Instructions to follow:
Your task is to transcribe, without alteration, the lines from the top of the material below through the line bearing "CPU-Z_IDLE_G3900.jpg", inclusive.

★ ★ ★ ★ ★

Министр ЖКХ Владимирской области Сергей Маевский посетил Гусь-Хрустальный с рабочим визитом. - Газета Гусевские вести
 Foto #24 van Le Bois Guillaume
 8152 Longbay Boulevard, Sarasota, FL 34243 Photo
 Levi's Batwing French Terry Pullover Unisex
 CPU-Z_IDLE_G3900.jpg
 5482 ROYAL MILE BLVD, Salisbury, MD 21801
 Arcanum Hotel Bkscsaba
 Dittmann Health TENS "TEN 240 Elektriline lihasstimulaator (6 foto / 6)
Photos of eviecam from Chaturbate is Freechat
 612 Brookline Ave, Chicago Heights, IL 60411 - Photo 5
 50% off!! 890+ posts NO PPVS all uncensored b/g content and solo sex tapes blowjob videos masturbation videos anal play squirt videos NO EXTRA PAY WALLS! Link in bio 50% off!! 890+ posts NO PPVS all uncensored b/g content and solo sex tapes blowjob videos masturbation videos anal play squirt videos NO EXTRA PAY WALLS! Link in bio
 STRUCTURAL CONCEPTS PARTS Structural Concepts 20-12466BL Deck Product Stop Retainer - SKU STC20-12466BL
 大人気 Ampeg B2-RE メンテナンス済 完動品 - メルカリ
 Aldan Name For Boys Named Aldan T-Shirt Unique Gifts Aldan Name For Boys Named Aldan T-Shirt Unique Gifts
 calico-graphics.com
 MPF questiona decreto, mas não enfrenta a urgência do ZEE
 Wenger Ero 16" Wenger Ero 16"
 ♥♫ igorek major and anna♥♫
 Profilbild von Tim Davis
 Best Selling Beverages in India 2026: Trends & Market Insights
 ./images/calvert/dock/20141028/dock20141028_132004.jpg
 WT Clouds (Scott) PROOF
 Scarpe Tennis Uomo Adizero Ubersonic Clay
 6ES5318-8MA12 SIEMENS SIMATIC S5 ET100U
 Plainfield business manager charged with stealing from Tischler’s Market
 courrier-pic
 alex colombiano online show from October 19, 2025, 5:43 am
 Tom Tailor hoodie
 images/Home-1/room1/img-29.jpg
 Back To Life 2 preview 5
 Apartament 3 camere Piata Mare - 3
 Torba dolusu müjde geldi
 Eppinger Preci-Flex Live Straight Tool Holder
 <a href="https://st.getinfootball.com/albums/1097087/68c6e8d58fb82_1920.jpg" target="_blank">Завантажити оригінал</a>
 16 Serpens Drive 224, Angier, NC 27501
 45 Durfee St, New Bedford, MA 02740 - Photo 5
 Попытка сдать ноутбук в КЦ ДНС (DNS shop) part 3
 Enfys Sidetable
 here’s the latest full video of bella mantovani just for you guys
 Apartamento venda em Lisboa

★ ★ ★ ★ ★

Response for this exercise:
Министр ЖКХ Владимирской области Сергей Маевский посетил Гусь-Хрустальный с рабочим визитом. - Газета Гусевские вести
 Foto #24 van Le Bois Guillaume
 8152 Longbay Boulevard, Sarasota, FL 34243 Photo
 Levi's Batwing French Terry Pullover Unisex
 CPU-Z_IDLE_G3900.jpg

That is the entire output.